-- Opening Marker --
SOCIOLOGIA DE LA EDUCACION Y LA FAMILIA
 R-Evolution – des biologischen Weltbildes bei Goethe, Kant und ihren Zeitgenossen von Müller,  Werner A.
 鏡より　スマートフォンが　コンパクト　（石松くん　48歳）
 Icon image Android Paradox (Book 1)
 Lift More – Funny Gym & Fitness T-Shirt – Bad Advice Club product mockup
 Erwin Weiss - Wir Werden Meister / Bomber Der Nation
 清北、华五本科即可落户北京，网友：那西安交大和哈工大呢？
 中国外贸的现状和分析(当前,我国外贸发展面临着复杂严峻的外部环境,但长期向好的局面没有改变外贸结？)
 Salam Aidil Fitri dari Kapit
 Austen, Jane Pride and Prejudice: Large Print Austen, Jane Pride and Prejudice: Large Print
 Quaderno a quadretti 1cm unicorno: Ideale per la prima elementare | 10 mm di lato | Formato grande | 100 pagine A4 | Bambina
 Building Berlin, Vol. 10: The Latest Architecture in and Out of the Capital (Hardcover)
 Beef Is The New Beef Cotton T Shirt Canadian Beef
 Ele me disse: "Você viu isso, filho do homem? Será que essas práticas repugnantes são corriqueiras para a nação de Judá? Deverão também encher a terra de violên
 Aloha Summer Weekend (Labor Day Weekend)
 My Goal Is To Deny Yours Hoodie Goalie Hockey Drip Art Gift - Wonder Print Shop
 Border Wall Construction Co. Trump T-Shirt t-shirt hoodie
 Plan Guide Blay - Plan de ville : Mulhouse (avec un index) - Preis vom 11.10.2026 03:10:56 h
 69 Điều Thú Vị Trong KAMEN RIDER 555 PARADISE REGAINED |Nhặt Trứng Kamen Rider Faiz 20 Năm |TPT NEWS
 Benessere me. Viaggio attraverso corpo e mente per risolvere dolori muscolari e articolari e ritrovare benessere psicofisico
-- Closing Marker --
• ASSIGNMENT:
Everything from the line containing "Salam Aidil Fitri dari Kapit" through the final line of the listing, inclusive, must be reproduced exactly; leave out the rest.

• SOLVED PROBLEM:
 Salam Aidil Fitri dari Kapit
 Austen, Jane Pride and Prejudice: Large Print Austen, Jane Pride and Prejudice: Large Print
 Quaderno a quadretti 1cm unicorno: Ideale per la prima elementare | 10 mm di lato | Formato grande | 100 pagine A4 | Bambina
 Building Berlin, Vol. 10: The Latest Architecture in and Out of the Capital (Hardcover)
 Beef Is The New Beef Cotton T Shirt Canadian Beef
 Ele me disse: "Você viu isso, filho do homem? Será que essas práticas repugnantes são corriqueiras para a nação de Judá? Deverão também encher a terra de violên
 Aloha Summer Weekend (Labor Day Weekend)
 My Goal Is To Deny Yours Hoodie Goalie Hockey Drip Art Gift - Wonder Print Shop
 Border Wall Construction Co. Trump T-Shirt t-shirt hoodie
 Plan Guide Blay - Plan de ville : Mulhouse (avec un index) - Preis vom 11.10.2026 03:10:56 h
 69 Điều Thú Vị Trong KAMEN RIDER 555 PARADISE REGAINED |Nhặt Trứng Kamen Rider Faiz 20 Năm |TPT NEWS
 Benessere me. Viaggio attraverso corpo e mente per risolvere dolori muscolari e articolari e ritrovare benessere psicofisico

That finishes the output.